Taylor Swift is currently one of the most influential figures in the music industry. Despite being a role model for millions of teens, behind the scenes Swift has been fighting her own battle. In 2018, Swift left her record company, Big Machine Label Group (BMLG). Later, BMLG sold the rights to her music to Scooter Braun, an American media entrepreneur, record executive and investor. However, Swift claimed that they never offered to sell the music to her. This led to Swift announcing in 2019 that she would be re-recording all of it in order to have control of the new version. Swift will title the old albums with the same name but will add on a “(Taylor’s Version)” to clarify that she is now the owner. Along with the old music, she will also be releasing songs that were initially supposed to come out with her old albums, but never made it onto the track list, which she calls “Vault Songs.” With this process, Swift has been advocating for musicians to speak out against others in the music industry that have been abusing their power. It is inspiring to see her go against influential people to reclaim what is rightfully hers.

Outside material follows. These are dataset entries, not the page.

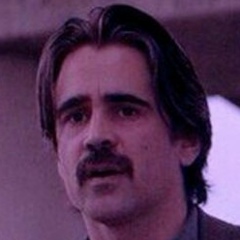 Софья Чучаева, 19.09.1999, Москва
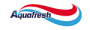 aquafresh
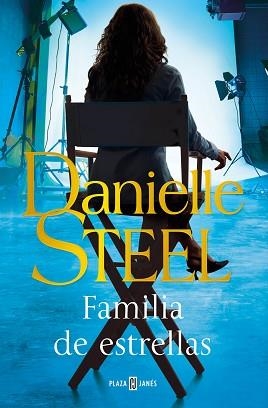 FAMILIA DE ESTRELLAS | 9788401023798 | STEEL, DANIELLE | Llibreria Aqualata | Comprar llibres en català i castellà online | Comprar llibres Igualada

Swift started the process in 2021 by re-releasing her second studio album, “Fearless.” It was originally released in 2008 and contains hit songs like “You Belong with Me” and “Love Story.” The platinum version of the original album had 19 songs compared to the regular version which only had 13. While the lyrics stayed the same and the production of the re-recording sounds similar, the main difference is in Swift’s voice. In the last decade, Swift has grown out of her teenage self, and her voice has matured greatly. She is no longer the young country singer from Pennsylvania, which is increasingly noticeable when comparing “Fearless (Taylor’s Version)” to the original. Her re-recordings sound less like traditional country music and more like pop music.
Unlike many of Swift’s previously released songs, the Vault Songs on “Fearless (Taylor’s Version)” show musical growth. Since they hadn’t been released, Swift could perfect them more in recent years. While these new songs sound more polished, the small collection still ties in nicely with the rest of her album. These added tracks make the album 26 songs long, which is much lengthier than previous albums, but is perfectly fine amongst listeners that miss the “old Taylor.”
Since “Fearless” was created in Swift’s country-pop days, the songs are very different from the indie-folk albums she released in 2020. Her new music is, as Swift would say, out of the country woods, but “Fearless” brings listeners right back in. The lyrics remain catchy, and her singing reflects her teenage self.
While some of the songs are slower, like the piano version of “Forever and Always,” the rest of her songs seem to have a similar feel and tempo that might make the songs sound similar to those who don’t know Swift’s music. For those who have been long-time fans, the album reminds them of the beginning of their love story with Swift’s music and makes them feel “Untouchable.”